● Activity
Reproduce the lines below exactly. Skip images.

● Material provided
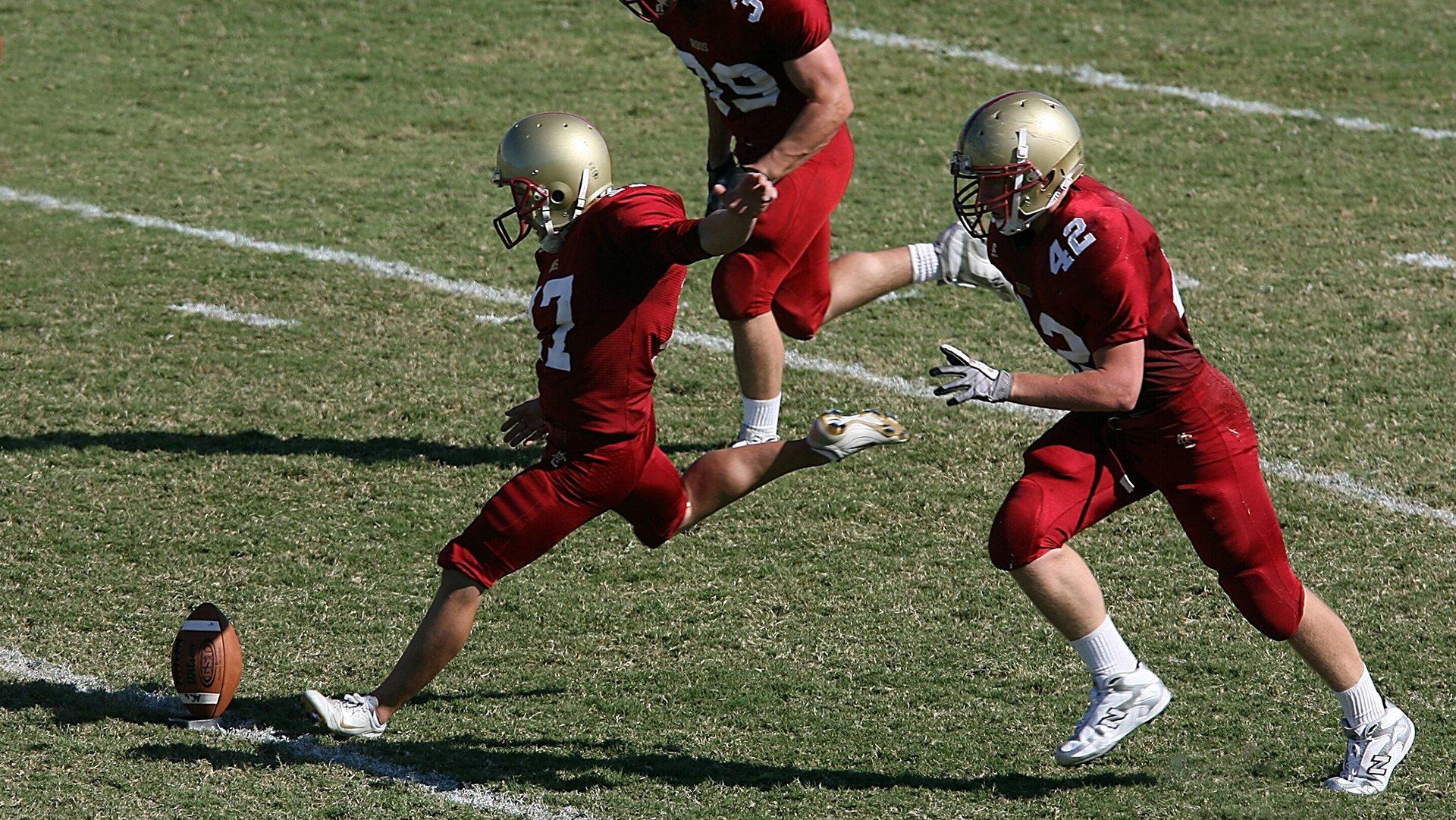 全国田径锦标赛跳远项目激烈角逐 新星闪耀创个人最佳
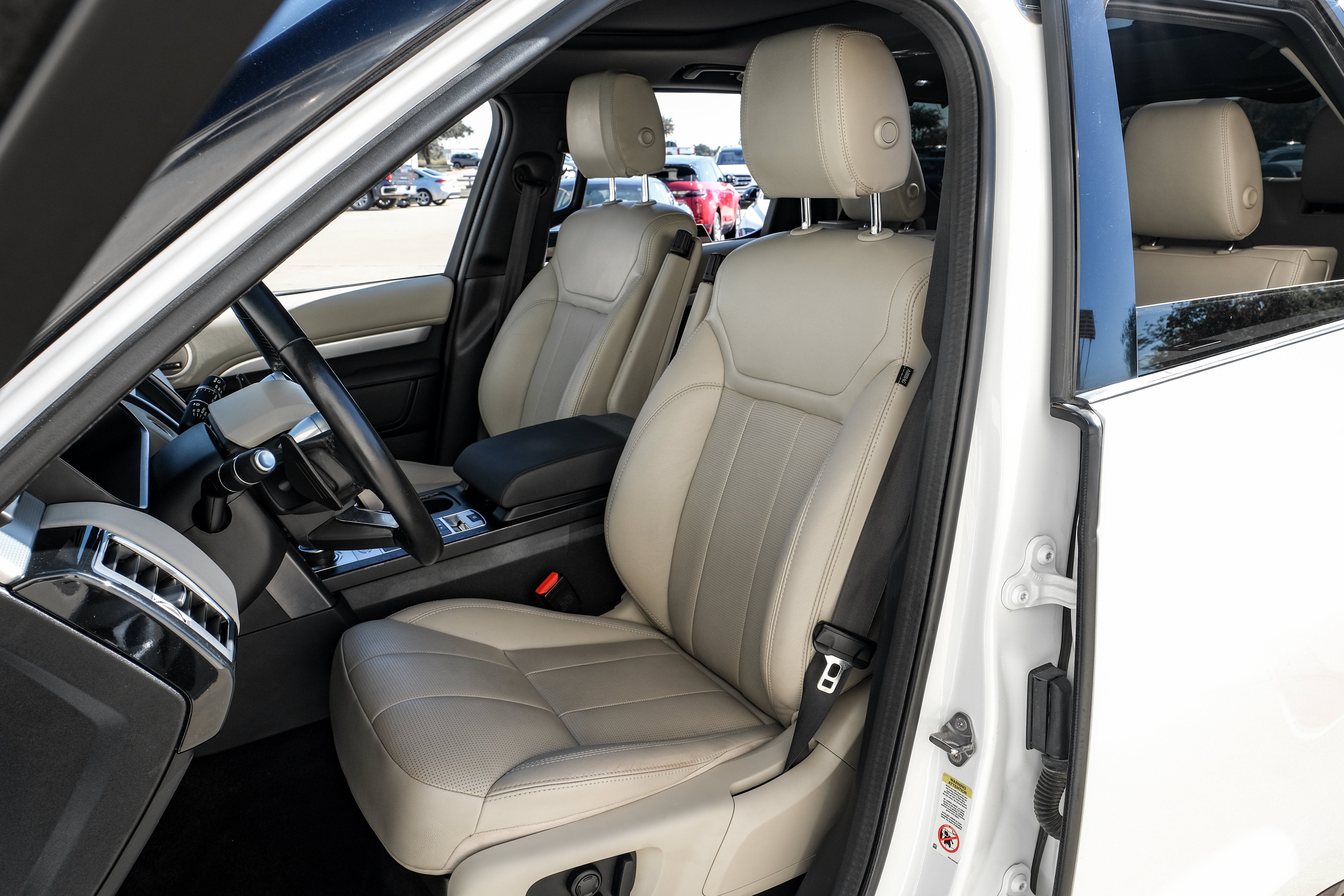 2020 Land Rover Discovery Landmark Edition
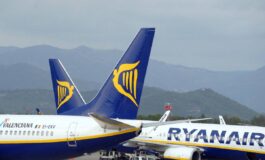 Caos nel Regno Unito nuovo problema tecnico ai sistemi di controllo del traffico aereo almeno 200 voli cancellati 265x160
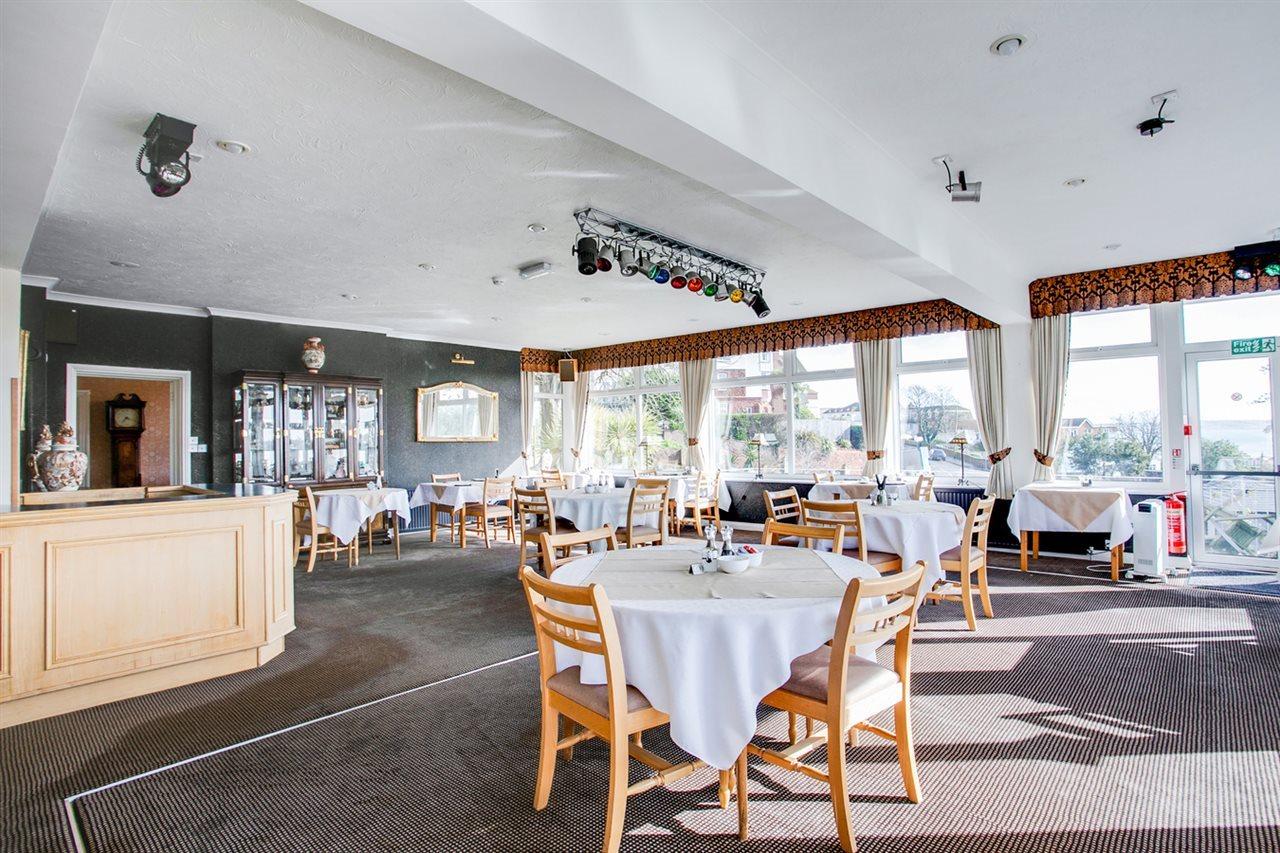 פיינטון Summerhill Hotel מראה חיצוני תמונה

● Answer below
 全国田径锦标赛跳远项目激烈角逐 新星闪耀创个人最佳
 2020 Land Rover Discovery Landmark Edition
 Caos nel Regno Unito nuovo problema tecnico ai sistemi di controllo del traffico aereo almeno 200 voli cancellati 265x160
 פיינטון Summerhill Hotel מראה חיצוני תמונה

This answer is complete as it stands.